Decades of research and experience tell us that raising the government-imposed minimum wage results in fewer younger and lower-skilled individuals being hired, and in some of them losing jobs they previously held at lower wages.*

Decades of research and experience also tell us that requiring landlords to charge lower rent than market conditions dictate results in fewer housing units being built, making housing shortages worse and raising housing costs in areas not subject to rent controls.**

During last year’s minimum wage debate in Oregon, pointing out the negative consequences was not enough to stop the legislature from imposing significant wage increases. Likewise, this year the legislature may allow local jurisdictions to impose rent controls even though opponents will surely point out the negative consequences of this policy also.

It now seems obvious what is happening.

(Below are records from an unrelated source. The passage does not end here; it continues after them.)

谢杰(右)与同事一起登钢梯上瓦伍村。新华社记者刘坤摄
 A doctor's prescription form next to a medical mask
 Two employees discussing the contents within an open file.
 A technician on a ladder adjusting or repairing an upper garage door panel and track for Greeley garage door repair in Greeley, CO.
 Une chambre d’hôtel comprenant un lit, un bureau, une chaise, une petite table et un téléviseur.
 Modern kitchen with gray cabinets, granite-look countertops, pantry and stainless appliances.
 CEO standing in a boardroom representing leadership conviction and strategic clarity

Supporters of minimum wage increases and rent control aren’t blind to their negative consequences; they simply refuse to acknowledge them because the political benefits outweigh the real costs imposed on those forced to endure them.

The harm done by minimum wage increases and rent control is so obvious that we should probably stop saying that their negative consequences are “unintended.”  Rather, we should say that their negative consequences are “unacknowledged” because their supporters refuse to admit that they exist.

* Making Youth Unemployment Worse, Randall Pozdena and Steve Buckstein, Cascade Policy Institute, December 2016

** The Rent Is Too Damn High! — Why Rent Control Won’t Help, Steve Buckstein, Cascade Policy Institute, September 2016


Steve Buckstein is Founder and Senior Policy Analyst at Cascade Policy Institute, Oregon’s free market public policy research organization.